A ready variant of this method is the following gelosia or graticola technique, so named for its similarity to the contemporary lattice grillwork used over the windows of the high-born Italian ladies to protect them from public view. Following Byzantine custom, the wives and daughters of Venetian nobles were usually kept sequestered. Spying unobserved from such vantage point, these ladies often saw scenes that disturbed them or made them "jealous."

The computational technique employed is basically the same as that used in per quadrilatero; however, the cells are partitioned by diagonal lines so that when the product of a row entry and a column entry result in two digits the units digit is written below the diagonal line and the ten's digit above. In this manner, carrying becomes an integral part of the algorithm. When all partial products are obtained, the entries within diagonal columns are added as before and the resulting total product written along a side and base of the array.

This method is quite old. It probably originated in India, was known to be popular in Arab and Persian works, and was finally accepted into European arithmetics in the fourteenth century. Due to its organizational efficiency and the ease it provides in multipling any two multidigit numbers, it was quite popular as a computational scheme; however, it was difficult to print and read and thus fell out of favor. It is from the gelosia grid and principle that the computational device known as Napier's Bones (1617) evolved.

Horrible to discover that this "fuzzy" approach has been around for many, many centuries, was popular and fell into disfavor only because of the limitations of 15th century printing methods (Swetz's book is focused on arithmetic in 15th century Europe). But of course, if it has organizational efficiency and ease of use, it just might be an okay thing to teach to kids as ONE way to do multiplication.

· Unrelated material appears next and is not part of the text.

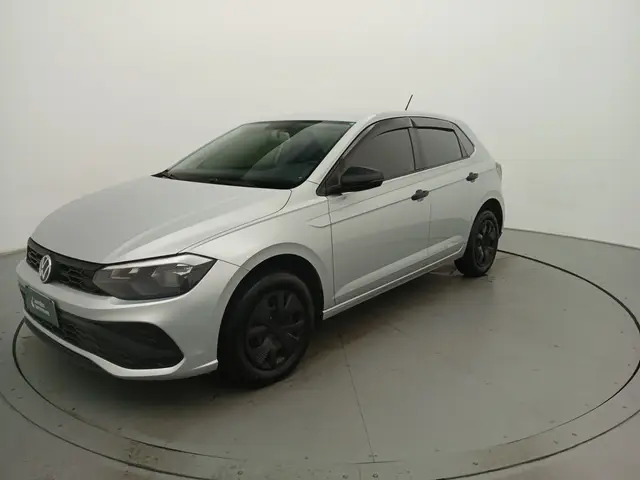 Carro Volkswagen Polo 2025 Track 1.0 Flex 12V 5p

I read only a couple of days ago on an anti-reform math list that "[s]ince your child is only in first grade one thing you really need to be aware of going forward is that it is unlikely you child will be taught the standard techniques (now elevated to "algorithms" ) for doing basic arithmetic operations in EM." This was quite a surprise to me, since Everyday Math most definitely presents the "standard techniques or algorithms" for addition, subtraction, and multiplication. Long division, a point of much contention in the Math Wars, is not presented in the EM curriculum, though during my work in Pontiac, MI, the teachers at all five of the elementary schools where I coached introduced it anyway. I suspect they are not isolated cases. But aside from division, there is no doubt that the claim by this parent about EM is completely false. Sounds great, though, when you want to scare the bejeezus out of folks, especially those inclined to believe anything they read or hear that puts unfamiliar or "new" mathematics teaching tools in a negative light.

In any event, it appears that we can't lynch the authors at UCSMP or TERC for lattice multiplication. I have no doubt, however, that some charge or other can be made to stick and that sooner or later those who dare to try to help kids think about and do mathematics more deeply and effectively will be punished for their temerity.